How to Know When to Talk to Your Kids about Sex
The Conversation You've Been Dreading
When you first bring home that little bundle of joy, suddenly it hits you that you're responsible for guiding this little person through the world. It can be an exciting, sometimes frightening and overwhelming prospect. But it's a job that most parents would say they look forward to .
That is, until they come to the realization that they're also the ones who get to explain about the thing that brought those little miracles into the world in the first place. When is that time? Is there a magic age when you should start talking to your child about sex?
There's No Magic Number
The good news is that you don't have to dread a specific day set aside on your mental calendar as that perfect time to tell your child about those birds and bees. There is no set age for when you should tell your child about sex.

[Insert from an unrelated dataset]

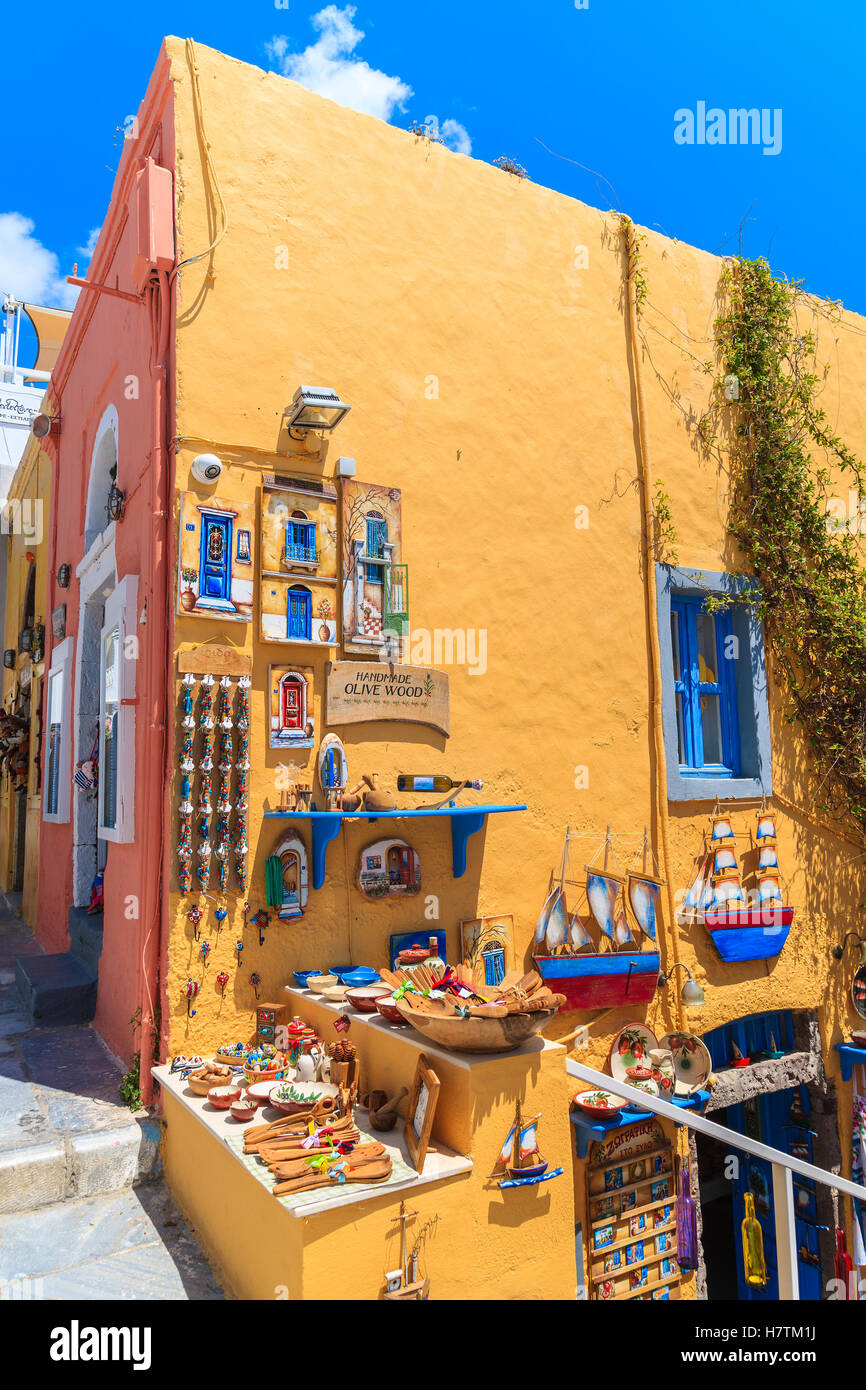 OIA, Santorini Island - 22 MAI 2016 : Boutique avec souvenirs sur rue à Oia sur l'île de Santorin, Grèce. Banque D'Images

The bad news (if you choose to look at it that way) is that those talks with your child about sex are a continuous thing and should occur many times over time. What these talks entail will depend on what details they're ready for, or questions they might have (often about things they have heard on TV or from their playmates or friends at school).
Start Teaching Them from the Beginning
No, you don't have to go into all the details, but you should start by teaching them the proper names for their private parts. This will make your conversation with them later, when going into the details of sex, sound less ridiculous and you'll be more likely to keep a straight face with the absence of words like "pee-pee" and the like (can't you just hear it now?).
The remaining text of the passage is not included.